Moreover, the transcript of the justice of the peace shows that the Lochridge Dry Goods Company was made a party defendant to the action instituted by the Ferguson-McKinney Dry Goods Company. At whose instance it was made a party is not shown. But the record does show that it appeared before the justice of the peace, and that the case was tried on its merits. The record also shows that the Lochridge Dry Goods Company and the Daniels Transfer Company both appeared in the circuit court, and that the case was there tried on its merits. The Ferguson-McKinney Dry Goods Company and the Kansas City Southern Railway Company against which judgment was rendered, both filed affidavits for appeal. The justice of the peace had jurisdiction of the parties and of the subject-matter of the suit. The object of the appeal was to lodge the case in the circuit court for a trial' de novo. As we have already seen, all of the parties interested appeared in the circuit court and the case was there tried on its merits, without any objection being' made as to the form or method of procedure, and it is too late now to make such objection.

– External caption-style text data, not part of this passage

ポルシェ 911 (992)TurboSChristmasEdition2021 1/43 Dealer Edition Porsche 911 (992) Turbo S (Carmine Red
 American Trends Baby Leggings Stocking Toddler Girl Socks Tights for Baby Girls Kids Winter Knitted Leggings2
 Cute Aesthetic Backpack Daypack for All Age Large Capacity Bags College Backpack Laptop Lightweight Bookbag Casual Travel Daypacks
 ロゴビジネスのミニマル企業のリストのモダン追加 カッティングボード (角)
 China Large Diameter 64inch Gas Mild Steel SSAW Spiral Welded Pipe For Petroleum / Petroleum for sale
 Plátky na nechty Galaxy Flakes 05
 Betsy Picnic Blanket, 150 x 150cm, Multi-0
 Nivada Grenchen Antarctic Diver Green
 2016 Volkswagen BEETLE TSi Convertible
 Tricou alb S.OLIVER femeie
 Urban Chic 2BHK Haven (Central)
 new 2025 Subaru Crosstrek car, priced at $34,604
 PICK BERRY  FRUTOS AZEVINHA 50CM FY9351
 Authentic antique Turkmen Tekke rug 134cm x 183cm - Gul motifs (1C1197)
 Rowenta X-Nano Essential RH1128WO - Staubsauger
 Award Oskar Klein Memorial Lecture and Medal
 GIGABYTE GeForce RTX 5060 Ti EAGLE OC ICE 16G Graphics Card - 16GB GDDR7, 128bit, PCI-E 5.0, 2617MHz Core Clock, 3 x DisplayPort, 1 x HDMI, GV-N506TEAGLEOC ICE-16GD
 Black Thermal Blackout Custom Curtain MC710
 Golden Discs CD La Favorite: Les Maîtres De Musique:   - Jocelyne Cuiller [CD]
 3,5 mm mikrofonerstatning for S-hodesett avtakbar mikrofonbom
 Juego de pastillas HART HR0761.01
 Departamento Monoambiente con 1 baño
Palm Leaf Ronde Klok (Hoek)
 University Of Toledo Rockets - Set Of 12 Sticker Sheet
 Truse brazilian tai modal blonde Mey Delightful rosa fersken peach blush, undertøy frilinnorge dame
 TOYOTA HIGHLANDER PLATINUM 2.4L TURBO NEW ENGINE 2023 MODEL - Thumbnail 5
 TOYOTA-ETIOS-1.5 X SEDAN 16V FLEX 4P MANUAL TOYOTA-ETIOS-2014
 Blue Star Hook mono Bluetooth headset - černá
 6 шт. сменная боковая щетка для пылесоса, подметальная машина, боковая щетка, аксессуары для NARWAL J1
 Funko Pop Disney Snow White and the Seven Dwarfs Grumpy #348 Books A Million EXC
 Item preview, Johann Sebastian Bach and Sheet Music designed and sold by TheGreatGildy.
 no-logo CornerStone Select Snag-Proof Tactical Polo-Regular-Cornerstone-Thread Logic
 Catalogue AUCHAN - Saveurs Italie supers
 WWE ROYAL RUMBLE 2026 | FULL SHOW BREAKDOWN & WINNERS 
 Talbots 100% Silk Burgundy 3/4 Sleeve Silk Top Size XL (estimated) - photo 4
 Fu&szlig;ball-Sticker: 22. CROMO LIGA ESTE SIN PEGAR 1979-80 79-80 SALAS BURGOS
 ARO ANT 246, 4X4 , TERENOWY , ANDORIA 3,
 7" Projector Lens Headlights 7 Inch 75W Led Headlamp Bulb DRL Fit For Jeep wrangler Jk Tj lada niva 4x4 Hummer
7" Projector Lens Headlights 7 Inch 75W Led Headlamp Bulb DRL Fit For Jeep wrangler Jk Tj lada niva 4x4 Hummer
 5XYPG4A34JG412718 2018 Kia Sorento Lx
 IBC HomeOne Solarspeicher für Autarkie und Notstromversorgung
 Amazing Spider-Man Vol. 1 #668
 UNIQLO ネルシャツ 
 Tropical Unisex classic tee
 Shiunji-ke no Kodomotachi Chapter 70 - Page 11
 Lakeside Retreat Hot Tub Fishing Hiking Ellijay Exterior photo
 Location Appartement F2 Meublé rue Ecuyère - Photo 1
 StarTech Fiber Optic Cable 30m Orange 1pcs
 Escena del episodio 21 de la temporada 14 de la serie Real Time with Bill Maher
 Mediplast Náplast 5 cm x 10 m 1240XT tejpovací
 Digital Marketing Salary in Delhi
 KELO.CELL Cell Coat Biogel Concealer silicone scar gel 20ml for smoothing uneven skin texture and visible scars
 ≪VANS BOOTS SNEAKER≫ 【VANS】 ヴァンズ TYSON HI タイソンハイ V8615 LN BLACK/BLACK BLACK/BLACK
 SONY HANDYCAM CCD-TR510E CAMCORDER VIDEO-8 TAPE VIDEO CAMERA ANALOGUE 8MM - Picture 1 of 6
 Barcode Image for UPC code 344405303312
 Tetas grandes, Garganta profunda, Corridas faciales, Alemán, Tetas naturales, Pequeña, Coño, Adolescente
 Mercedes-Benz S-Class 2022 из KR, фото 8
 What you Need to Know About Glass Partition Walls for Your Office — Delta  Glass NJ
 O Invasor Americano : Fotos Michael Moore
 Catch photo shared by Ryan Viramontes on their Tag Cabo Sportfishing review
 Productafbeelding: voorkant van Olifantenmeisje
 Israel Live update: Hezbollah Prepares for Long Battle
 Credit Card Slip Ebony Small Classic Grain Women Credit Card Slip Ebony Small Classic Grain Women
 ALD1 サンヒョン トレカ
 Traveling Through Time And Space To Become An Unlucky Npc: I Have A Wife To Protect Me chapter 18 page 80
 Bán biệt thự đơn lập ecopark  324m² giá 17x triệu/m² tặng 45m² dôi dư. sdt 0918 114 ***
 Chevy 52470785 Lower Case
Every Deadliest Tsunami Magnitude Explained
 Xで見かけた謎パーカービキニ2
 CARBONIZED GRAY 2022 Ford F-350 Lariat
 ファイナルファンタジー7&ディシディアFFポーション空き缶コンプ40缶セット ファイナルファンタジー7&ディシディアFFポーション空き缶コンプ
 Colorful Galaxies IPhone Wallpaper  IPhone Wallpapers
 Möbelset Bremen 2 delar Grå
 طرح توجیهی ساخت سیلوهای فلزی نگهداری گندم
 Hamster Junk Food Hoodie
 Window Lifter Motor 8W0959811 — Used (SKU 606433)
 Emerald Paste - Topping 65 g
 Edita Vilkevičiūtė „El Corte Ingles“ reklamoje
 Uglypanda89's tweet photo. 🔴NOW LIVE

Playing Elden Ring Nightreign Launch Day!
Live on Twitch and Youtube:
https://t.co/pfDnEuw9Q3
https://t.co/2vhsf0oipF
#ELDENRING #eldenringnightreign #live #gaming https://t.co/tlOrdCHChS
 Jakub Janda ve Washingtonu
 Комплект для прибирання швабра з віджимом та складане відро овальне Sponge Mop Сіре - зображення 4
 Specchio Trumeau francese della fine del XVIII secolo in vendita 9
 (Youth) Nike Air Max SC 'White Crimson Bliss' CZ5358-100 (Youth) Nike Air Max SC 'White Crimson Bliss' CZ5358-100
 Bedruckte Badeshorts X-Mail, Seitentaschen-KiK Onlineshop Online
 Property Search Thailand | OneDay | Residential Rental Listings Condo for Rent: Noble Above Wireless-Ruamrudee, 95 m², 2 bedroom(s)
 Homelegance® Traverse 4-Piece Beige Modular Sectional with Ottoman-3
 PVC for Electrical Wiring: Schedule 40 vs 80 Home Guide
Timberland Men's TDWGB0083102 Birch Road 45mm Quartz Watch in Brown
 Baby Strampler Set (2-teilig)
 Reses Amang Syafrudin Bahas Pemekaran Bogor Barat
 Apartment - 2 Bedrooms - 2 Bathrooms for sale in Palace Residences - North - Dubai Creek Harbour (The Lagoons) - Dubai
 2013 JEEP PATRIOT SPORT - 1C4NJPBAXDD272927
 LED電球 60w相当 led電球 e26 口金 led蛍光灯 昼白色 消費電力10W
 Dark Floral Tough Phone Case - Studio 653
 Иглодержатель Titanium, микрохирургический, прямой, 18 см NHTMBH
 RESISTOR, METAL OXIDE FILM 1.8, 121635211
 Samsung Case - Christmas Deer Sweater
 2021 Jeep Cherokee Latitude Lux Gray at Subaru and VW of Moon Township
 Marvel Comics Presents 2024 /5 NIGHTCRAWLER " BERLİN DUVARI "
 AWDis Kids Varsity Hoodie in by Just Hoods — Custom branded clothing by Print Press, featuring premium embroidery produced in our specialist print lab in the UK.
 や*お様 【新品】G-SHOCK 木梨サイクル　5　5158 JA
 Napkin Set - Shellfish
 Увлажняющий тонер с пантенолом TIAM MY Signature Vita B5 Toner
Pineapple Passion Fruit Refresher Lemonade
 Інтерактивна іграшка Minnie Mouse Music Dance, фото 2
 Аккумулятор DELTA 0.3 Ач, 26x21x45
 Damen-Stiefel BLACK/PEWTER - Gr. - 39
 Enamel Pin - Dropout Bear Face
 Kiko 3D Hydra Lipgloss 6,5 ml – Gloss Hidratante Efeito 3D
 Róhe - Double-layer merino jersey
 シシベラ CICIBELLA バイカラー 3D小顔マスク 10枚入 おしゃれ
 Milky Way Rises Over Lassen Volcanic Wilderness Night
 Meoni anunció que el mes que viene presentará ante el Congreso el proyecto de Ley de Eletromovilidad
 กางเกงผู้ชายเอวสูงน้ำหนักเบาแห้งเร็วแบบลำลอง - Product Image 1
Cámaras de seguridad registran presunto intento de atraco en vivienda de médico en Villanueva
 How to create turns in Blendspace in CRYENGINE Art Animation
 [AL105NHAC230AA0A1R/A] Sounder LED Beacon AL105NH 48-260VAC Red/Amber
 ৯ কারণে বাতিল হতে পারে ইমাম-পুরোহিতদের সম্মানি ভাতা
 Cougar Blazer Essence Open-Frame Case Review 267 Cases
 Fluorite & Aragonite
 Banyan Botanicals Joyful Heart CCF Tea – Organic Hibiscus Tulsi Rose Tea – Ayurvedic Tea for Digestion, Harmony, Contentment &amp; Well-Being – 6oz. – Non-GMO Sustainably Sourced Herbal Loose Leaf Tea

The only contention made by the appellant in the court below was that there was not sufficient evidence to warrant a verdict against it. Appellant asked the circuit court to direct a verdict in its favor. This the court refused to do. No objection was made by the appellant to the instructions given by the court, and no exceptions were saved thereto. Therefore, the only question for our determination on this appeal is whether or not there was sufficient evidence to warrant the verdict against appellant.

The undisputed evidence shows that the Ferguson-McKinney Dry Goods Company sold the bale of sheeting in question to W. W. Townsend, and shipped it to Mena over the line of the Kansas City Southern Railway Company. The Ferguson-McKinney Dry Goods Company consigned the goods to itself at Mena, Arkansas, and gave an order on the Kansas City Southern Railway Company for the delivery of the goods to Townsend. The Daniels Transfer Company had general authority to receive from the railway company all goods to be delivered to either Townsend or to the Lochridge Dry Goods Company. The undisputed evidence shows that the Daniels Transfer Company received the bale of sheeting in question and paid the freight thereon. It was the custom of the transfer company and their practice to deliver the goods to the merchants who had purchased them and at the same time to check up the goods so delivered with the freight bill and to deliver the freight bill, or expense bill as they called it, to the merchant who received the goods. Evidence ivas adduced by Townsend and by the Lochridge Dry Goods Company to show that they did not receive the bale of sheeting in question. But, as we have already seen, the testimony shows that the transfer company always delivered the freight bill or expense bill at the time the goods were delivered to the merchant. The expense bill for the bale of sheeting in question was afterward found in the possession of the Lochridge Dry Goods Company. It was also shown that goods which were not ordered by Townsend or by the Lochridge Dry Goods Company were sometimes received by them, and that sometimes the wholesale merchant would substitute goods. The evidence also shows that another bale of sheeting which was shipped at the same time to Townsend by the Ferguson-McKinney Dry Goods Company was received by the Lochridge Dry Goods Company. Under these circumstances, we think there was sufficient proof to warrant the jury in finding that the bale of sheeting in question was received by the Lochridge Dry Goods Company, and wa's used by it. Therefore the judgment will be affirmed.